Pour le prêtre bordelais, la question de fond persiste cependant. Car l’Église manifeste elle-même une difficulté à appliquer sa propre discipline. L’exemple du dernier conclave est flagrant. Des cardinaux électeurs, liés par serment solennel sur les Evangiles au secret absolu sous peine d’excommunication, ont raconté devant les caméras les tractations, les votes, les échanges. Ceci sans que grand monde ne s’offusque. Si le secret peut être violé par les cardinaux  qui en sont les premiers gardiens, quelle crédibilité accorder à l’invocation solennelle du sceau sacramentel?

On se souvient aussi du livre paru en 2021 dans lequel un journaliste recueillait les récits de 40 prêtres racontant ce qu’ils entendaient en confession. Là aussi sans blâme.

Le prêtre s’efface devant Dieu

La Pénitencerie apostolique, dans une note de 2019, rappelait les exigences du secret. Le prêtre entend les péchés «non en tant qu’homme, mais en tant que Dieu», selon la formule de Thomas d’Aquin. «Cette formule exige du prêtre un effacement complet et une chasteté totale par rapport à ce qu’il a entendu», souligne l’abbé Barré. Le prête ne possède pas qu’il a entendu: il ne doit pas le retenir, ne pas l’utiliser, ne pas le laisser altérer ni son regard, ni ses décisions.

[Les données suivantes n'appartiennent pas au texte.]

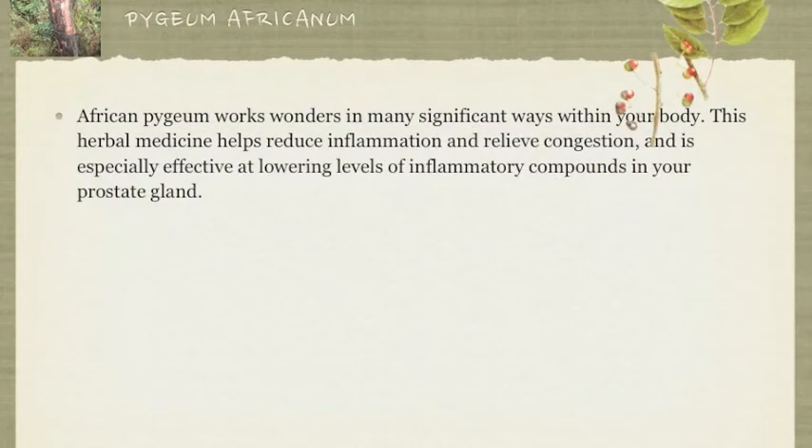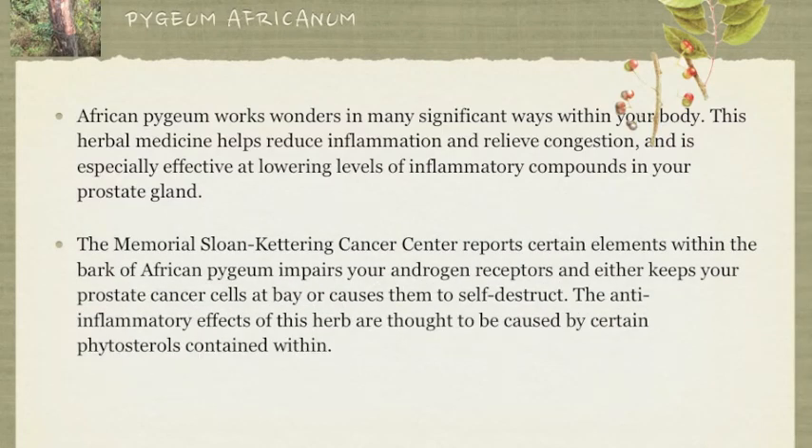African Pygeum works wonders in many significant ways within your body. This herbal medicine helps reduce inflammation and relieve congestion, and is especially effective at lowering levels of inflammatory compounds in your prostate gland. The Memorial Sloan Kettering Cancer Center reports certain elements within the bark of Prunus africanum impair your androgen receptors and either keep your prostate cancer cells at bay or cause them to self-destruct. The anti-inflammatory effects of this herb are thought to be caused by certain phytosterols contained within.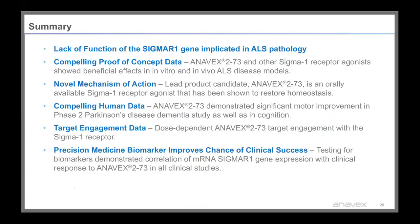In summary, a lack of function of the Sigma-1 gene is implicated in ALS pathology. We've shown compelling proof-of-concept data with Anavex 273 as well as other Sigma-1 receptor agonists showing beneficial effects in vitro and in vivo ALS disease models. Anavex 273 is an orally available Sigma-1 receptor agonist shown to restore homeostasis, with compelling human data demonstrating significant motor improvements on the UPDRS scale in a phase 2 Parkinson's disease dementia study and cognitive improvement on CDR scales. We've also shown dose-dependent target engagement and a correlation of Sigma-1 mRNA gene expression with clinical response across all our clinical studies.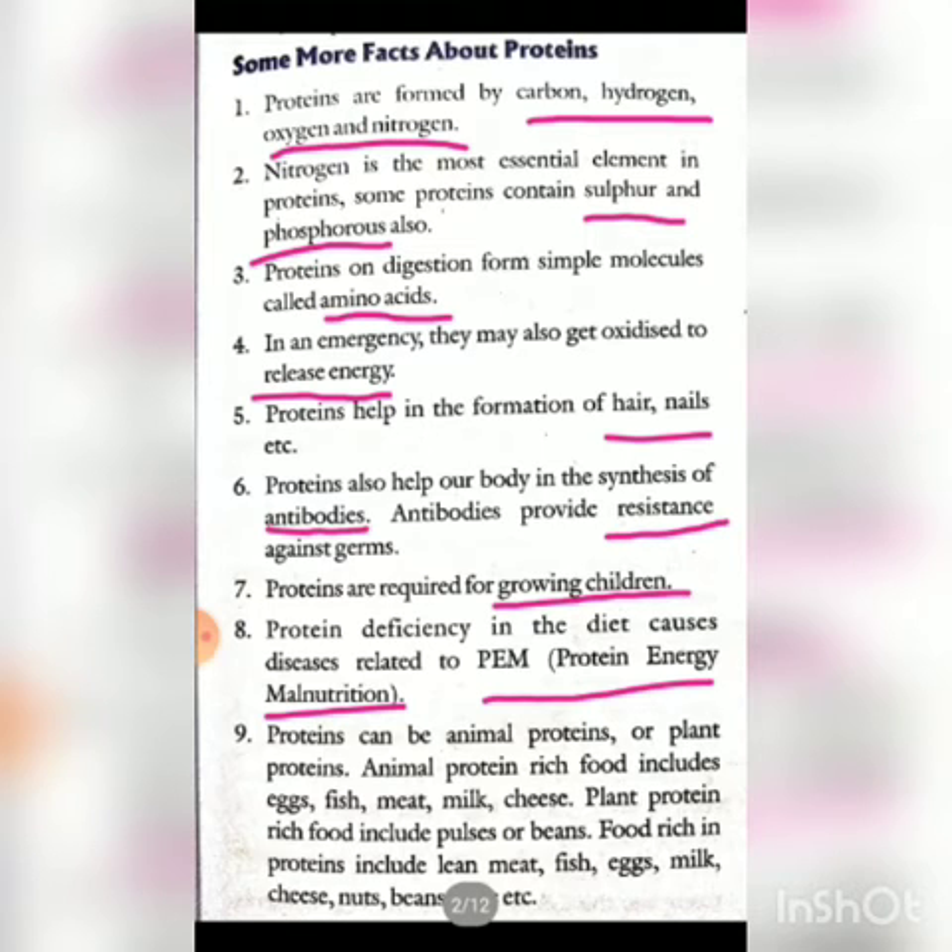Protein can be animal protein or plant protein — two categories. Plant protein is found in pulses and beans, so vegetarians can eat pulses and beans for protein. Animal protein is found in fish, meat, milk, and cheese, which non-vegetarians can eat.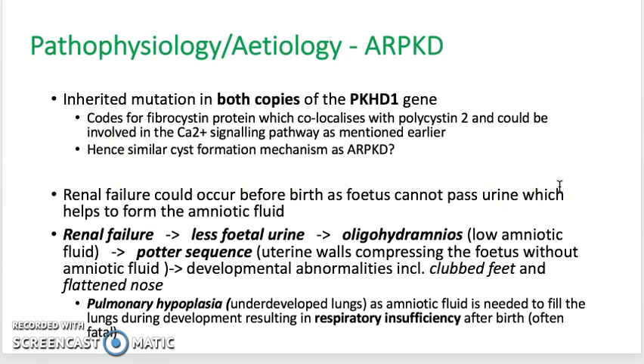The pathophysiology of ARPKD is autosomal recessive, meaning that there's going to be a mutation in both copies of the PKHD1 gene. This gene codes for another protein called fibrocystin, which co-localises with polycystin-2 on the primary cilium. The exact mechanisms aren't clear, but it's believed that it could be involved in the same calcium signalling pathway as mentioned earlier, so cyst formation may have a similar mechanism to ADPKD.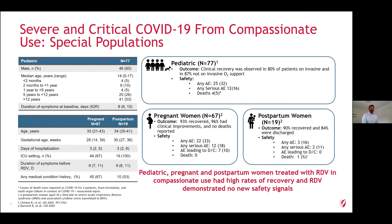Another side benefit of the compassionate use program has been to provide insights into safety and outcomes in special populations. In pediatric patients, one analysis presented at IAS earlier this year covered outcomes in 77 pediatric patients in the compassionate use program, with clinical recovery reported in 80% of patients on invasive therapy and 87% of those not on invasive therapy. In the same way, we've had information on outcomes and safety in pregnant women and women who are immediately postpartum, with high recovery rates and low mortalities.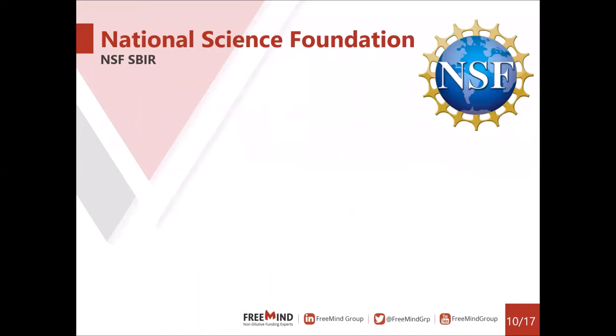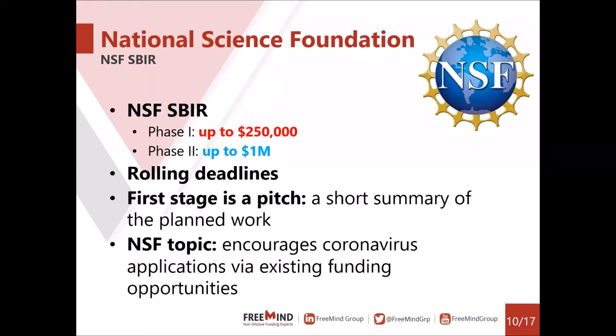Next, the National Science Foundation, or NSF, has an SBIR program that is very relevant. Their SBIRs are divided into two phases: phase one, up to $250,000, and phase two, up to $1 million. They have rolling deadlines, so you can submit as soon as you're ready. The review process consists of a pitch followed by a full application — you submit a short summary of your planned work and, if invited, submit the full application. They have also added a topic encouraging coronavirus applicants via existing funding opportunities.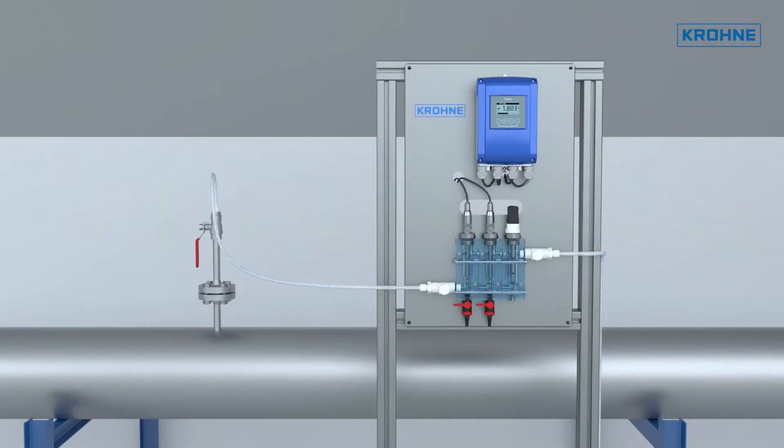The Optisis CL1100 system from Krone can be used for both effective biocide dosing and monitoring. It is supplied as a ready-to-use pre-installed system with transmitter, membrane-free chlorine sensor, pH sensor and temperature sensor, as well as associated valves, flow cells and an integrated automatic sensor cleaning system.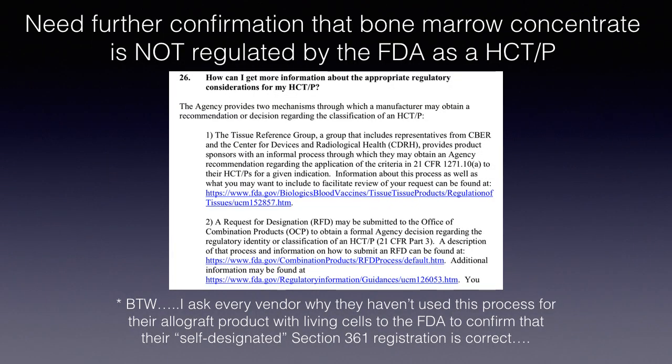If you'd like further confirmation that bone marrow concentrate and bone marrow aspirate are not regulated by the FDA as an HCTP, there are two references available. If somebody approaches you with an allograft product claiming living cells, on its face that violates FDA regulations if it's registered only as a Section 361 product. I've made a habit of asking those salespeople, CEOs, and company founders to submit their product to the FDA for a direct response showing their allograft product with living stem cells is correctly registered — and to date, not a single company has used this avenue to validate their self-designation as a Section 361 product.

La note ajoute de manière assez étonnante «Le confesseur pourrait même ‘jurer’, sans aucun préjudice pour sa conscience, ‘ne pas savoir’ ce qu’il sait seulement en tant que ministre de Dieu.»

Le sceau lie donc le prêtre non seulement extérieurement mais intérieurement. La confession n’est pas seulement un secret à garder: c’est une mémoire à effacer. Si  la loi changeait, les prêtres seraient tenus d’en assumer jusqu’au bout les conséquences civiles, et de se taire quand même.